RECORDED DATA
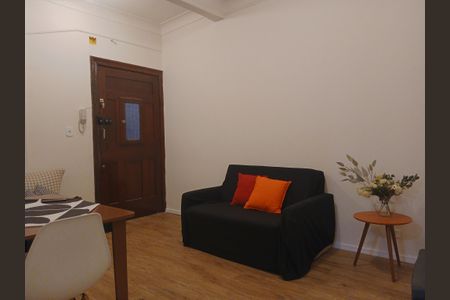 Apartamento à venda com 40m², 1 quarto e sem vaga Apartamento à venda com 40m², 1 quarto e sem vagaSala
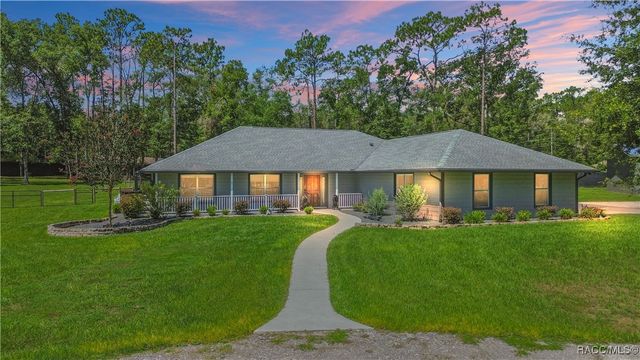 5848 E Aloha Street, Inverness, FL 34452
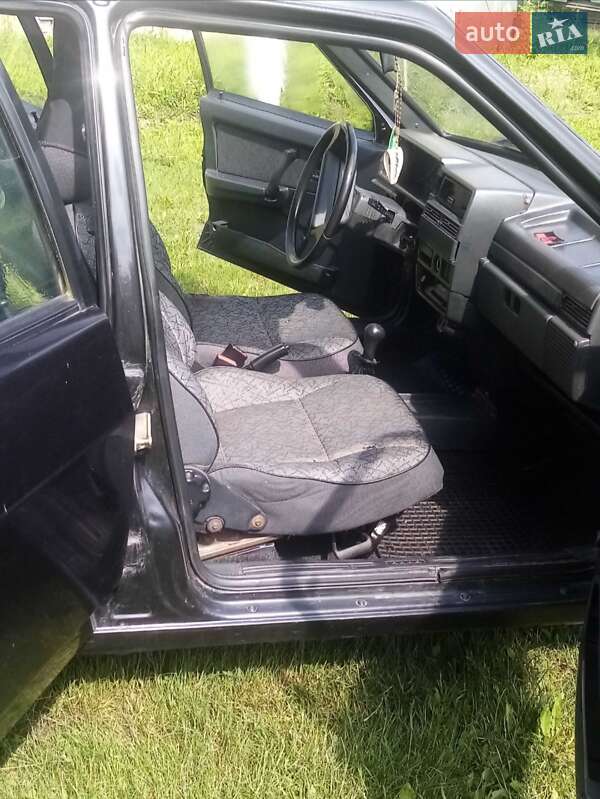 Хэтчбек ВАЗ / Lada 2109 2006 в Ивано-Франковске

INSTRUCTIONS TO FOLLOW
Repeat, exactly and only, the lines from the one containing "5848 E Aloha Street, Inverness, FL 34452" through the final line of the data, both ends included, leaving out any picture.

ANSWER SECTION
 5848 E Aloha Street, Inverness, FL 34452
 Хэтчбек ВАЗ / Lada 2109 2006 в Ивано-Франковске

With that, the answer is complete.